The author's response to Peter Ludlow´s contribution to the special issue on The Indexical Point of View.

Keywords:
Indexicals

*In what follows I have copied the relevant passages from Ludlow’s review of my followed by my (indented) reply to each passage separately.*

The first concern revolves around the idea that an object o is deployed to bind the different expressions of sense. One can see the position potentially collapsing into a direct reference theory of some form. That is, if what holds everything together is the object under discussion, why not use that object as the interperspectival content and forget about the sense content? The answer to that objection is that we still need the sense contents for all the usual reasons - explaining actions and emotions, etc - so we need sense contents. We just need to tie expressions of sense content together somehow, and the object under discussion is the way to do that. We will come back to this.

REPLY:

In discussing the well-known ‘pants on fire’ case Kaplan has noticed that thinking the same Russellian content as our subject-matter content according to a direct reference theory is not sufficient for belief retention. In agreement with this, I have argued that the internal continuity in the subject’s belief needs to be accounted for in terms of the claim that can be extracted from Frege’s “yesterday/today” passage: that representing a certain day as the same from one occasion to the next is to think of it via the same sense, i.e. under the same mode of presentation, which makes the thought of which it is a constituent the bearer of cognitive significance. Cognitive significance is of a piece with the internal continuity of the subject’s belief, and we need to deal with it in accounting for belief retention. In making these claims, I hoped to have made it impossible for my theory to collapse into a direct reference theory, but, of course, I may be wrong.
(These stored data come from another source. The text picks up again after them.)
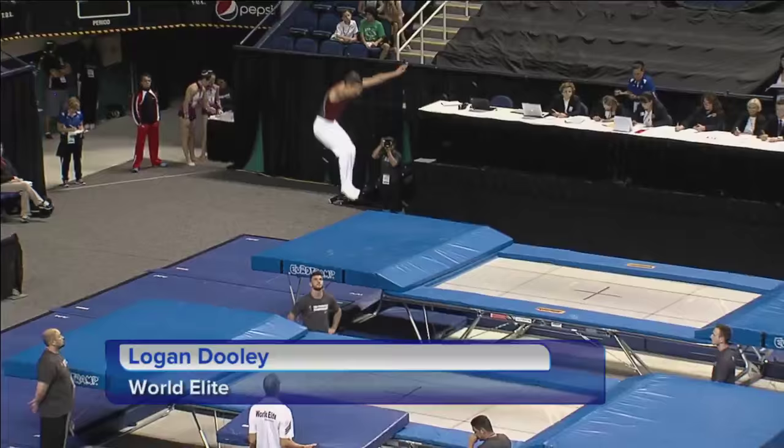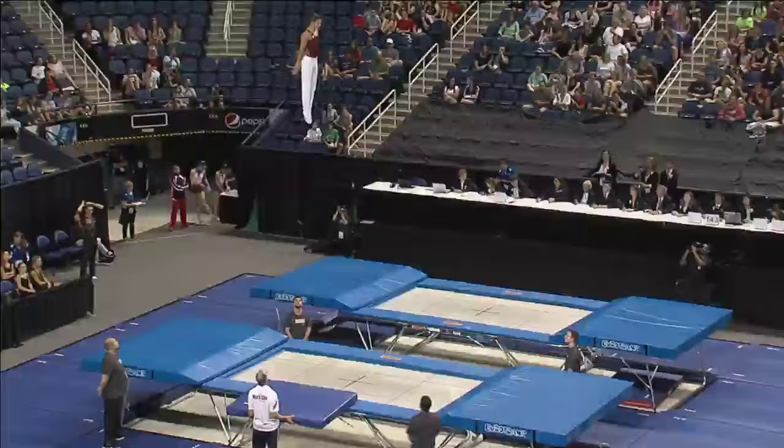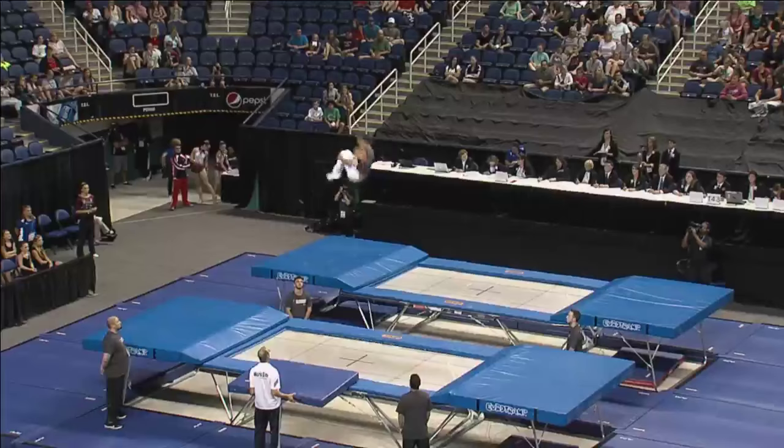Now looking at Logan Dooley. We're going to see much different here in the difficulty department. Logan's going to be attempting to start his routine with three triple somersaults all connected. There's the first one in the pike position. This will be a full twisting triple back. One more triple coming up — there it is.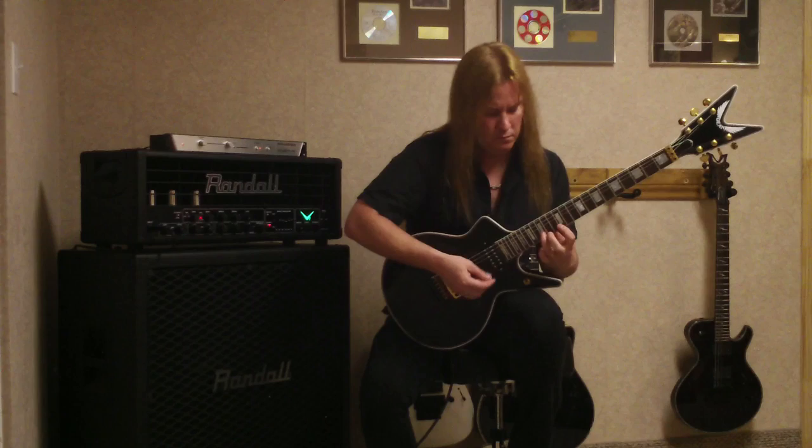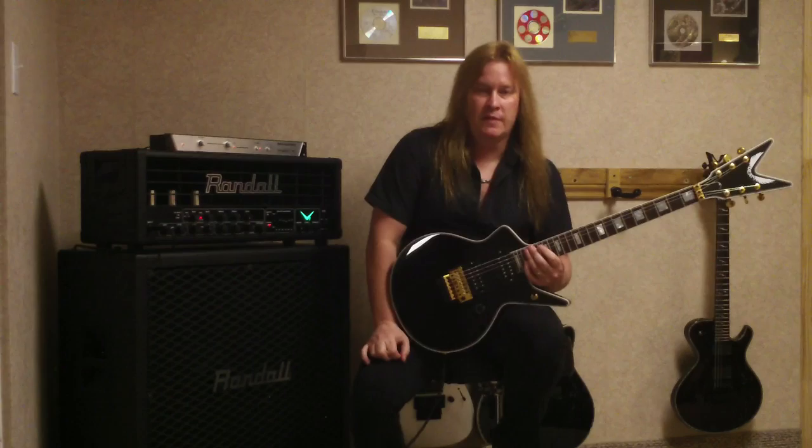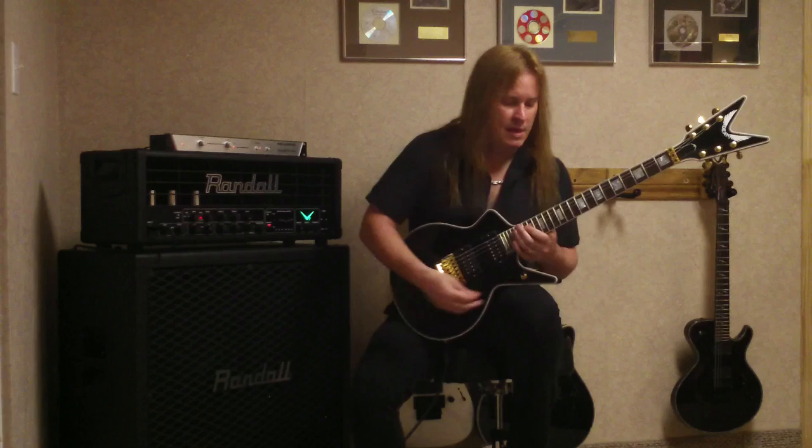Hey, this is Glenn Drower and I'll bet you can't play this one. So what that was was a combination of a descending legato lick and an ascending alternate picking sequence in the key of E. And here's how it goes slow.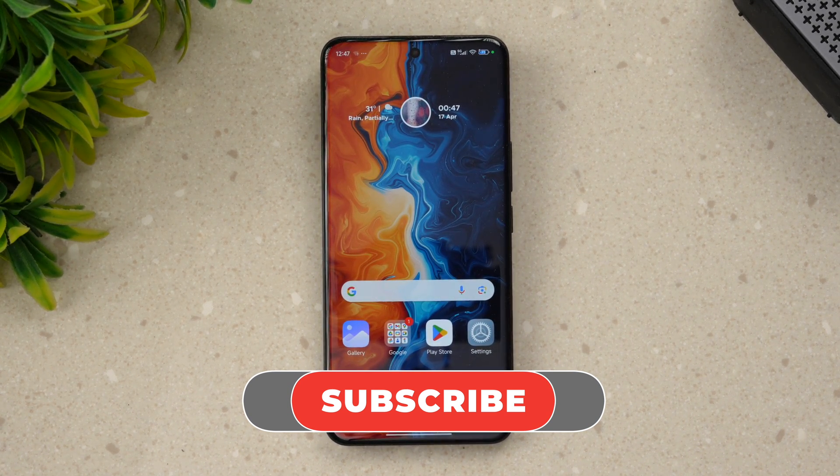Hope you enjoyed watching this video. Do hit that like button and also hit that subscribe button for more videos. Thanks for watching — hope to see you in our next video. Have a great day.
The second issue is whether this view doesn’t turn the whole “sense determines reference” dictum on its head. It seems we need a prior grasp of our reference to o before we can construct the theory of sense for thoughts about o. This is because the only thing we have to glue expressions of sense content together is the unquestioned identity of the object under discussion. That isn’t really fatal, but it does seem to be giving up a part of the Fregean project.

REPLY:

The unquestioned identity of the object does not guarantee that there is an object. In discussing cases of thinking a confused thought, I ended up claiming that there can be a sense that determines no (single) object. This, I think, does not make it possible for me to turn the “sense determines reference” on its head, but, again, I may be wrong.

Something should also be said about the theory of reference necessary to get this idea to work. Reference needs to come pretty cheap. It can’t involve acquaintance, because there isn’t enough acquaintance to go around. We can have sense-mediated thoughts about future events, for example. The thought expressed by ‘Tomorrow is going to be awesome’ depends upon a day with which we have no acquaintance or causal connection yet. To avoid this problem Bozickovic adopts an approach to reference from Hawthorne and Manley (2012) according to which reference basically comes for free, in that no acquaintance or causal connection is required. Your mileage may vary on this approach. My only point here is to note that Bozickovic’s position does appear to be tied to the idea of easy reference - necessarily so, since tying together multiple sense expressions into a single sense content often requires reference to an object that is outside our sphere of acquaintance.

REPLY:

I was permissive here just in relation to beliefs that are expressed by utterances featuring indexicals such as ‘tomorrow’ which seem to be singular beliefs without acquaintance. I hope this is supported by my arguments of section 4.7 of the book.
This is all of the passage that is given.